Content starts

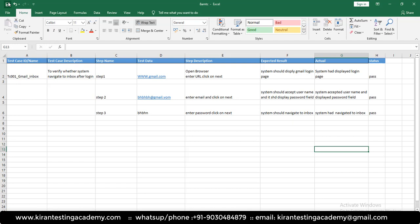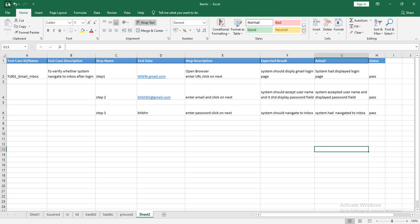In the next video, we'll write test cases for a user registration page, then take an FRS document to derive and write test cases — it's a continuation of this class. If you liked the video, please subscribe to the channel, click the like button, and click the bell icon for more updates. You can find live classes and recorded video sessions in the description.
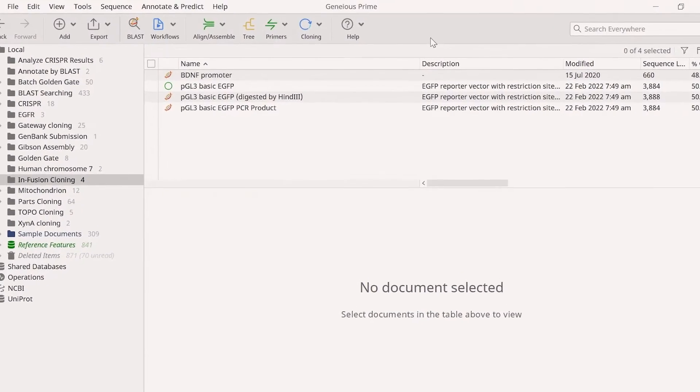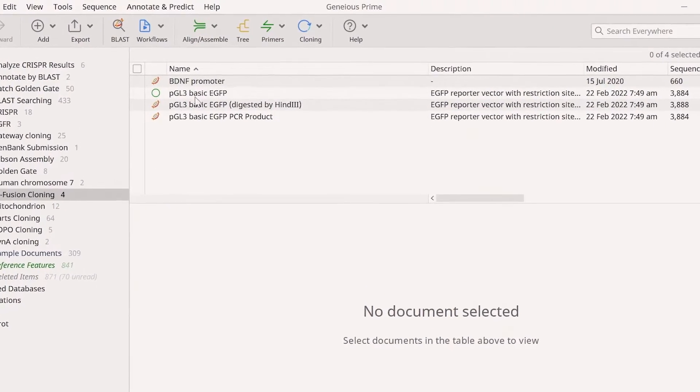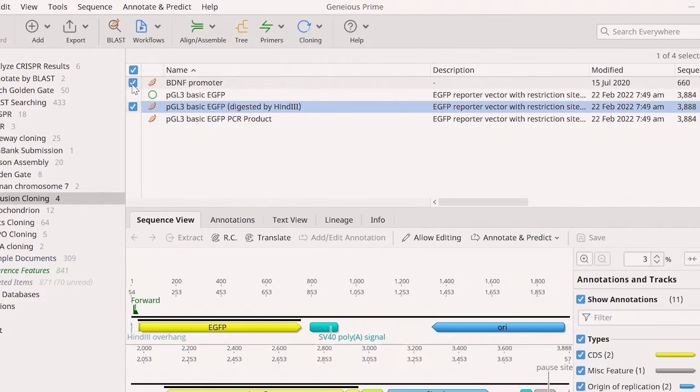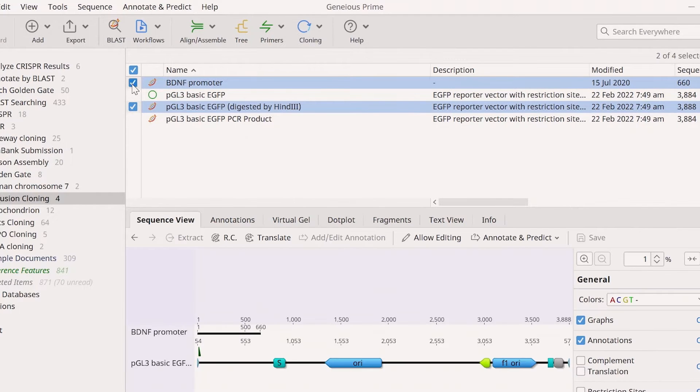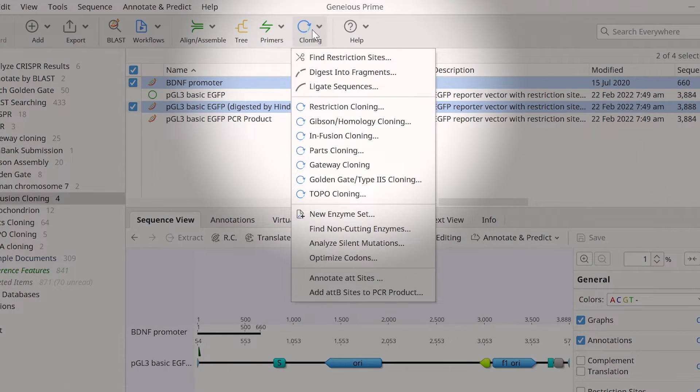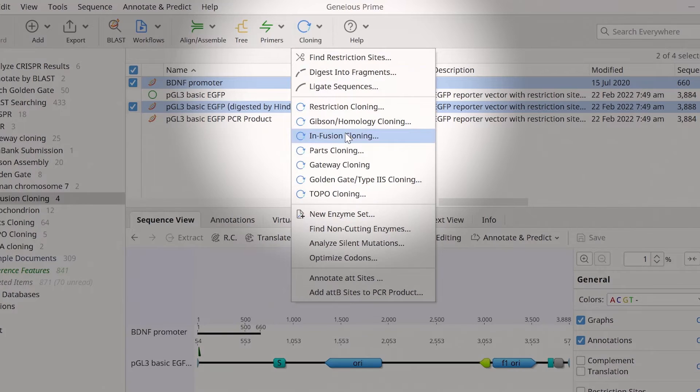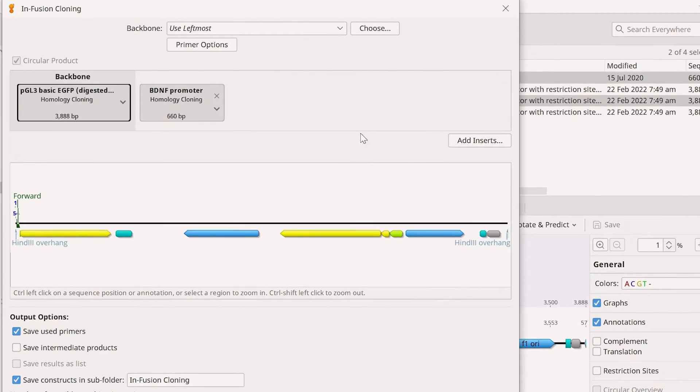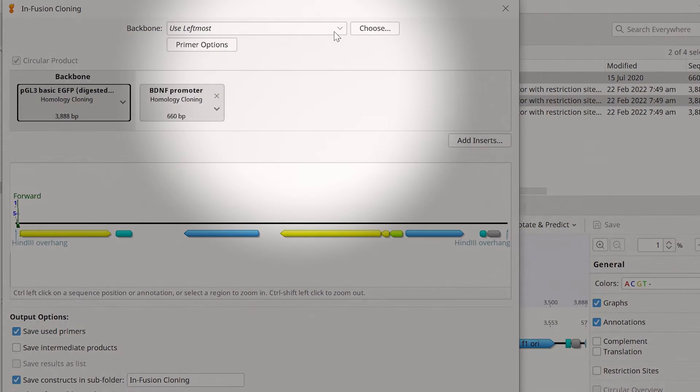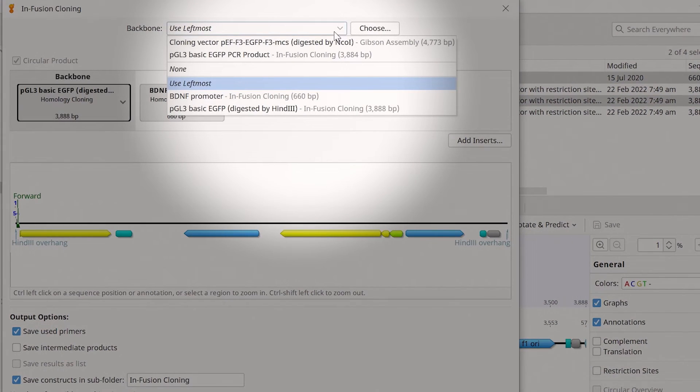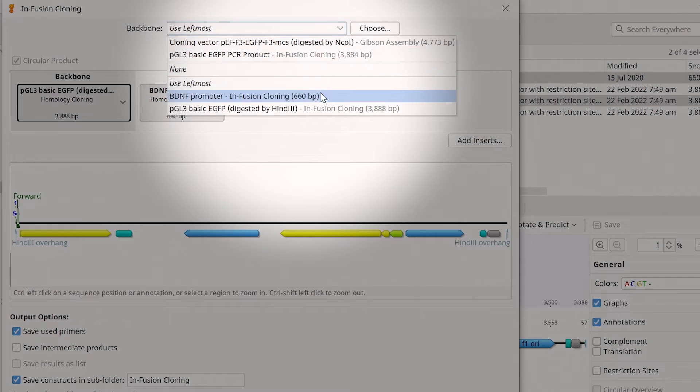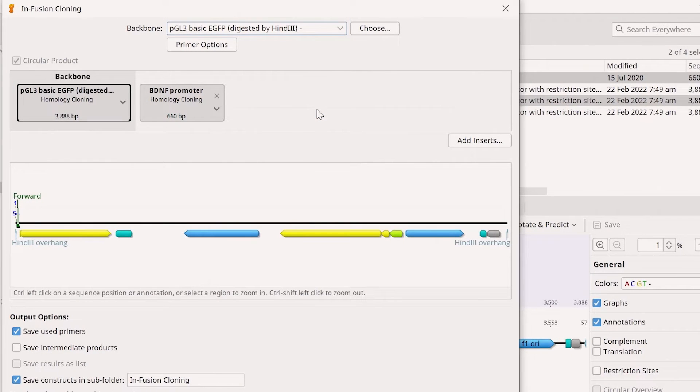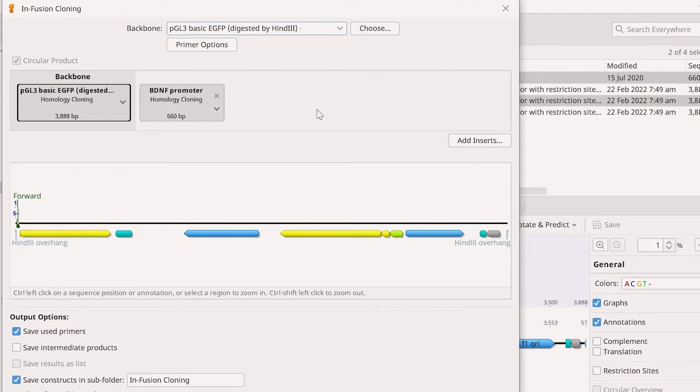To do this, select your linearised vector and the insert files. Then, select Cloning and choose the Infusion Cloning option. In the new window, use the drop-down menu at the top to specify the backbone file. The Infusion Cloning tool automatically ensures a 3 prime exonuclease is selected for the simulation.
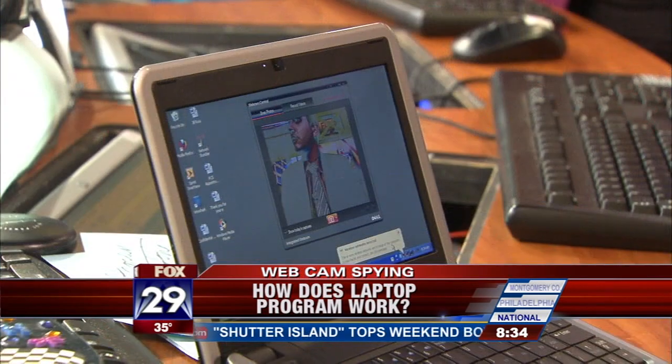The excuse the school district is using is that this was to monitor stolen laptops. Where are the police reports for the pictures that were taken? Were all those laptops stolen? Apparently they said they investigated 42 cases where they were stolen. So going back to everyone who has laptops or webcams — if the light isn't on, does that mean they can't do it?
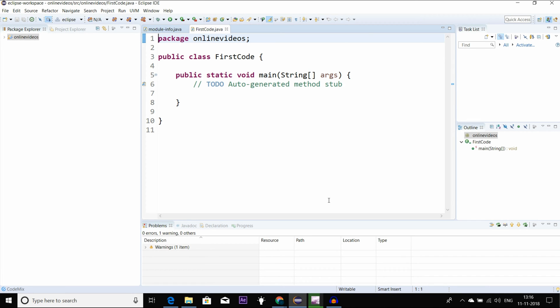First, I will show you the opening of the last video here. If you want to see the video, check the description. I will add a card to this video so that you will see the last video.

Content ends

Set down the data above word for word, leaving every picture out.

In the next video, we'll write test cases for a user registration page, then take an FRS document to derive and write test cases — it's a continuation of this class. If you liked the video, please subscribe to the channel, click the like button, and click the bell icon for more updates. You can find live classes and recorded video sessions in the description.
To do this, select your linearised vector and the insert files. Then, select Cloning and choose the Infusion Cloning option. In the new window, use the drop-down menu at the top to specify the backbone file. The Infusion Cloning tool automatically ensures a 3 prime exonuclease is selected for the simulation.
The excuse the school district is using is that this was to monitor stolen laptops. Where are the police reports for the pictures that were taken? Were all those laptops stolen? Apparently they said they investigated 42 cases where they were stolen. So going back to everyone who has laptops or webcams — if the light isn't on, does that mean they can't do it?
First, I will show you the opening of the last video here. If you want to see the video, check the description. I will add a card to this video so that you will see the last video.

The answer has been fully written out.